CB: Yeah, I mean, I like that. So Pink Floyd’s first album The Piper at the Gates of Dawn is another inspiration for that kind of thing to where there are short little acoustic numbers and then there’s this song “Interstellar Overdrive.” It’s like a 10-minute-long outer space journey instrumental, and then it goes back to a song that’s like about a gnome or a scarecrow. I mean, life is filled with so many twists and turns. That’s kind of what we like to represent on our albums. Each album is a chapter of life that we’ve gone through and we’re relating back to the good times, the bad times and just observing what’s going on. You know, it’s really what our albums are like we’re just messengers reporting our observations on the world and trying to make sense of it. And how does that relate with the listener?
mxdwn: I think Alex, the way he kind of warbles and wobbles his voice through some of these songs, it’s very dramatic. It’s almost like pulling things out of you with your brain a little bit like, well, I didn’t know I had that feeling up there.
CB: Yeah, that’s awesome. I wish he could hear you say that. `
mxdwn: Well, maybe we’ll interview him next.
CB: He would love that. Yeah, yeah you should.
mxdwn: Let’s say to you it’s been a pleasure. I mean, I’m a new fan and yeah, you guys, you’re intelligent. Which I think is a big part, you know, I grew up in the 80s, so it was all the hair bands, and it was sex, drugs and rock’n’roll but we’re older now. It’s like, you know, half that stuff doesn’t work anymore.
CB: Thank you very much. Learn from the past.
mxdwn: So, I mean you guys are really on a roll. Do you guys have a few more albums in you?
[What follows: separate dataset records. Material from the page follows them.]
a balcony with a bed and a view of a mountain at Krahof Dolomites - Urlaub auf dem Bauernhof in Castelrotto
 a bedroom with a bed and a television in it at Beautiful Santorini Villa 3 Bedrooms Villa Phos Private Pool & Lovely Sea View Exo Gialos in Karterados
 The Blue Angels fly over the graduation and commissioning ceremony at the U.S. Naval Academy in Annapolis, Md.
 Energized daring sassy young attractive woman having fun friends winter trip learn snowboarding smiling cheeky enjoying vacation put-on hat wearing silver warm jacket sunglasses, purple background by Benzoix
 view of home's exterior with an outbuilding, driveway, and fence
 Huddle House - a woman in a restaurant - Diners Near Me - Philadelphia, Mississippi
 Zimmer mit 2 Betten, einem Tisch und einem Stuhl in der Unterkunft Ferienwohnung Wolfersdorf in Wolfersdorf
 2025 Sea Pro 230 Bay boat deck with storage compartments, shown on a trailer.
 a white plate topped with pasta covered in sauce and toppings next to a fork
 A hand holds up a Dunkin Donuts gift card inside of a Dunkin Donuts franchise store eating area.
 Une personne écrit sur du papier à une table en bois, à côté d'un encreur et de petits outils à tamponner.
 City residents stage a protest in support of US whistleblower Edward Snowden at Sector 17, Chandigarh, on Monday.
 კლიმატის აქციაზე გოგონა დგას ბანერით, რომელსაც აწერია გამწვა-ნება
CB: Yeah, this train is the train that is rolling. So, we’re on board.
mxdwn: Good.
CB: We’re going with it, yeah, going with the momentum. We feel creative. We all get along with each other. It’s our formula. We moved in together when we were starting the band and we got to be a family and so we all get along with each other really well. Alex and I were best friends growing up. I’ve known him since I was 13 and he was eleven, so that’s a pretty strong foundation. Onward we go.
mxdwn: That’s really, that’s a special relationship.
CB: Yeah, it is. It really is. Yeah, it’s awesome.
mxdwn: And you guys, your families individually have grown. Do you have kids?
CB: Alex has kids. Alex is married, has two kids. Two young kids.
mxdwn: So, you’re starting to see some life happening. Life circumstances with the band as well.
CB: Yeah, yeah. We’ve stayed strong throughout and creative. Nothing is hindered, so yeah, it’s been good.
mxdwn: Are you excited about touring?
CB: I am, we’re going to Europe in January. First time in about six years.
mxdwn: I saw that.
CB: It’s gonna be great. I’m looking forward to that, yeah?
mxdwn: All right, continued success. Congratulations on it.
CB: Thank you. Appreciate that, Ric. Good talking.